▶ _Task goal_
Every line below between the one holding "Насос подъема кузова" and the one holding "2026 Toyota Corolla LE's photo", inclusive, should be copied exactly, and no other line.
....
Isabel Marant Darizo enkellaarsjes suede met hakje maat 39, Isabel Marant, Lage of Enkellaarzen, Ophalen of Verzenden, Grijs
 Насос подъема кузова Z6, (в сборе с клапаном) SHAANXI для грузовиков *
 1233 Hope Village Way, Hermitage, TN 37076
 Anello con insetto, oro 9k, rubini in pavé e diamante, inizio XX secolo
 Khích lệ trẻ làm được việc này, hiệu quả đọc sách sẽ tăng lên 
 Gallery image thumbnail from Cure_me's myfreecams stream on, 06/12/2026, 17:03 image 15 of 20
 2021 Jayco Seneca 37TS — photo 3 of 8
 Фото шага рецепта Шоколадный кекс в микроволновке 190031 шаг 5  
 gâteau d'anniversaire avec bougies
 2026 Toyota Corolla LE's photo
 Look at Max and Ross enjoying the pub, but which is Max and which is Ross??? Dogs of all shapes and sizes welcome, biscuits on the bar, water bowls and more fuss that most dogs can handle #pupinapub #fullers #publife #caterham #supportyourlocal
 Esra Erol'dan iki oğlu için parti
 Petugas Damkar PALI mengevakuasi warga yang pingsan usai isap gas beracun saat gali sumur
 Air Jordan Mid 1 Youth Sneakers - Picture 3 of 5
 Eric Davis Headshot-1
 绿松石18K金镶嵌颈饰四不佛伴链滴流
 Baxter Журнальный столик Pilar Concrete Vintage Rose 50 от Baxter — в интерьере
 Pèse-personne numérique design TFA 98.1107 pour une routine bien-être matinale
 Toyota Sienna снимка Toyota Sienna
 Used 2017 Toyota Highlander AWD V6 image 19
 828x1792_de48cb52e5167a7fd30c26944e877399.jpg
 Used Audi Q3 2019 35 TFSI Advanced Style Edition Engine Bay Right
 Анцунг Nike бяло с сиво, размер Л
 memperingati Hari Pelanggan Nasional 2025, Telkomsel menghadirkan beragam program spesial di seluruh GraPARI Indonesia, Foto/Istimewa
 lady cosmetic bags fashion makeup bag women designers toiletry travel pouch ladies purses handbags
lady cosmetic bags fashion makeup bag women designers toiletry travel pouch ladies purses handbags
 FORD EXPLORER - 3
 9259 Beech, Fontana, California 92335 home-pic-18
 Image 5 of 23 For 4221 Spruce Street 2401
....
▶ _Expected output_
 Насос подъема кузова Z6, (в сборе с клапаном) SHAANXI для грузовиков *
 1233 Hope Village Way, Hermitage, TN 37076
 Anello con insetto, oro 9k, rubini in pavé e diamante, inizio XX secolo
 Khích lệ trẻ làm được việc này, hiệu quả đọc sách sẽ tăng lên 
 Gallery image thumbnail from Cure_me's myfreecams stream on, 06/12/2026, 17:03 image 15 of 20
 2021 Jayco Seneca 37TS — photo 3 of 8
 Фото шага рецепта Шоколадный кекс в микроволновке 190031 шаг 5  
 gâteau d'anniversaire avec bougies
 2026 Toyota Corolla LE's photo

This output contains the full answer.